Вячеслав оказал просто невероятную чуткость к поэзии Блока, разрушив мой миф о себе: не поэт, — теоретик; я сватал Иванова с Блоком; сама Любовь Дмитриевна помогала мне в этом; стремяся на сцену, она откликалась на мысли о новом театре мистерий, на игры в театр без подмостков, на импровизации выспреннего «феоретика»; к этому времени ветхопрофессорский лик перегримировав под персону из «страсти Христовы», протей Вячеслав собирался створить свою «башню» в Обераммергау [Местечко в Баварии, где разыгрываются старинные мистерии] какое-то (с примесью критских обрядов); я не разглядел, что стремление к новому быту в нем — вздерг; через год преодолеватели «только искусства» явили гримасу подмостков.

Но в 905 я сам способствовал встрече Иванова с Блоком204, в ней видя начало отбора людей в коллектив; В. И. Иванов Чулкова привлек; Чулков влек Мейерхольда и Мейера; Блок — Городецкого; и — что-то лопнуло меж символистами, когда Чулков на газетах и на альманашиках «се человек» повез, между тем как В. Брюсов скомандовал: «Трапы поднять!
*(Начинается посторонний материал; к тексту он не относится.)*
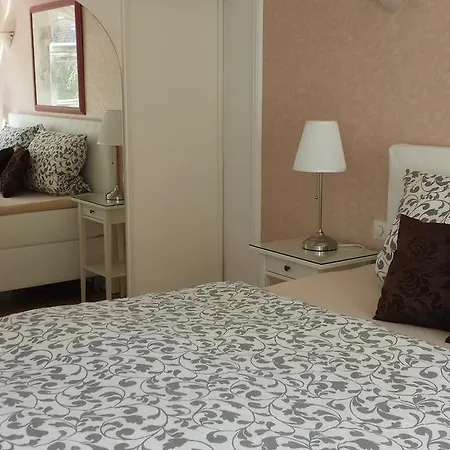 Zur Altstadt Apartament *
Символистам быть только в „Весах“!»

Рассужденья Иванова о перестройке квартир под игру начались для меня в тот несчастный денек, когда я потащил на извозчике к Блокам его, созерцая сутулую, скрюченную под огромною шубой персону в пенснэ, выставлявшую свою бородку, подстриженную под Корреджио, думая, как бы профессорским видом своим не спугнул бы он Блоков; тогда разговор оборвется.

Так золоторунная голова Вячеслава Иванова в шапке мехастой явилась в передней; стряхнувши снега, косолапую сбросивши шубу, в которой он выглядел сущим попом еретической секты, — вошел; Блоки встретили «батюшку»; «батюшка» в светло-оранжевой теплой столовой, впиваясь взглядом своим то в того, то в другого, трясясь, с перетиром, с лукавым мурлыком подкрадывался: де театр не театр, разумеется, и не… трапеза, а, — ну, допустим; и — хнык носовой; и лоснящимся носом меж мною, Л. Д. и А. А. переныривал, точно пушившийся, спину свою выгибающий кот; хорошо собираться в интимном кружке:

— «А что будем мы делать?»

И выяснилось: то, что ритм продиктует; Л. Д. осторожно спросила: «Одежда обычная ритм не нарушит?» Иванов повел деликатные речи о том, что пурпурный оттенок есть знак дионисова действа; а… впрочем; и — хнык, перетир!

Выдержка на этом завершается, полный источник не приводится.